F.T. Entiendo lo que le sedujo de este tema: una ilustración vivida y concreta de su tema preferido —el hombre acusado de un crimen cometido por otro— con todas las sospechas encaminadas hacia él por el juego de las circunstancias de la vida cotidiana. Siento curiosidad por saber en qué medida su película es auténtica; es decir, ¿en qué momentos y por qué razones se vio obligado a alejarse de la verdad?
A.H. Pues no me he alejado casi nunca de la verdad y, rodando ese film aprendí muchas cosas. Por ejemplo, con la intención de lograr una autenticidad absoluta, todo fue minuciosamente reconstituido con la colaboración de los héroes del drama, rodando todo lo posible con actores desconocidos y, algunas veces, incluso, para los papeles episódicos, con quienes vivieron el drama. Y todo en los lugares mismos de la acción. En la cárcel, observamos cómo los
procesados recogen la ropa de cama, sus prendas de vestir y, luego, elegimos una
celda vacía para Henry Fonda y le hicimos repetir lo que los demás prisioneros
acababan de hacer ante nosotros. Y lo mismo en las escenas que se desarrollaban
en el sanatorio psiquiátrico, donde los doctores interpretaron sus propios papeles.
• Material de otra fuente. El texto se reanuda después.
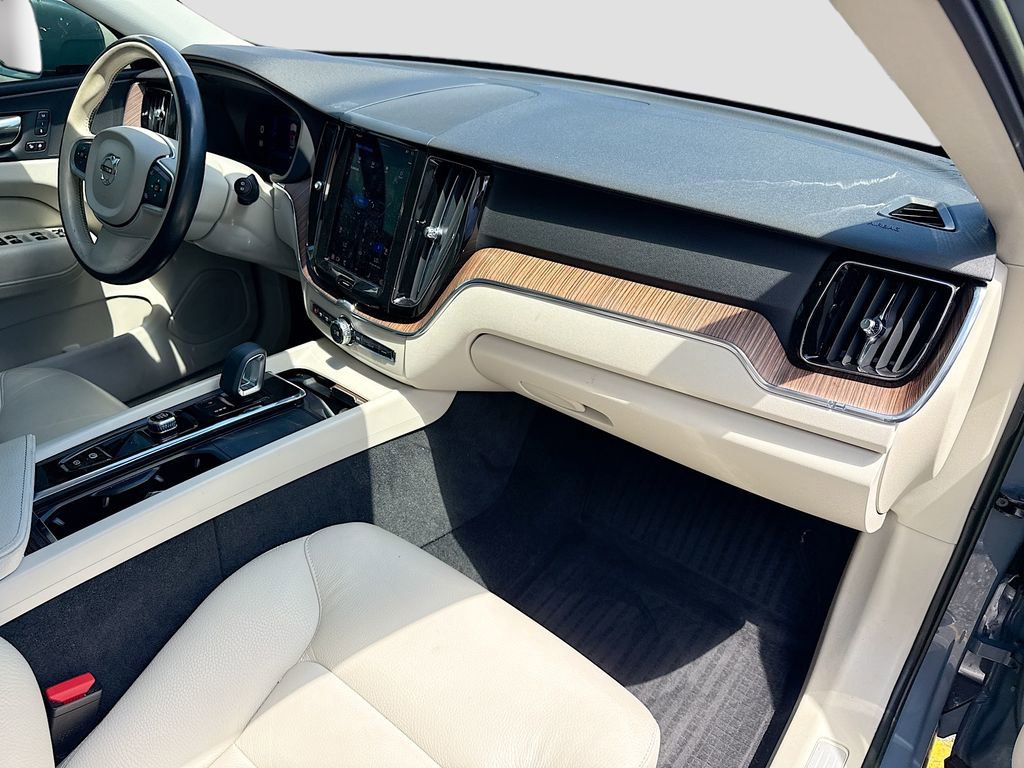 Used 2022 Volvo XC60 B5 Momentum w/ Climate Package image 29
Pero he aquí un ejemplo de lo que se aprende rodando un film que consiste
en reconstituir todas las escenas. Al final, el verdadero culpable es arrestado, gracias al coraje de la dueña de un establecimiento, mientras cometía un nuevo atraco en una tienda de
«delikatessen». Yo pensaba hacer esta escena así: el hombre entraba en la tienda,
sacaba el revólver y pedía el contenido de la caja; la tendera conseguía dar la
alarma por cualquier medio; había lucha o algo parecido, y el bandido terminaba
reducido a la fuerza. Ahora bien, he aquí lo que sucedió realmente y así es como
ocurre en la película. El hombre entra en la tienda y pide a la tendera dos
salchichas y algunas lonjas de jamón; mientras la mujer va tras el mostrador, la
encañona, desde el bolsillo del pantalón, con su revólver. En aquel momento, la
mujer sostenía en la mano el gran cuchillo para cortar el jamón, y sin turbarse lo
más mínimo, apoya la punta sobre el vientre del hombre, que permanece
atolondrado; luego, la mujer golpea dos veces con el pie en el suelo; el hombre
se pone nervioso: «Tranquilidad, señora, tranquilidad. No pierda la calma.
Tranquilidad.» Pero la mujer sigue asombrosamente tranquila, sin moverse un
milímetro, sin pronunciar una sola palabra; el hombre se siente tan confundido
por aquella actitud que no piensa ni siquiera en intentar algo. Súbitamente, el
tendero surge de la cueva, atraído por las patadas de su mujer; se da cuenta en
seguida de la situación y, cogiendo al malhechor por los hombros, le arrincona
en una parte del establecimiento, contra los estantes de cajas de conservas,
mientras su mujer telefonea a la policía. La única reacción que tuvo aquel
individuo fue implorar con voz lastimera: «Déjenme marcharme. Mi mujer y mis
hijos me esperan.» Esta réplica me entusiasmó; nadie pensaría jamás en
escribirla en un guión y, aunque lo pensara, no se atrevería.
"El cine según Hitchcock" de François Truffaut.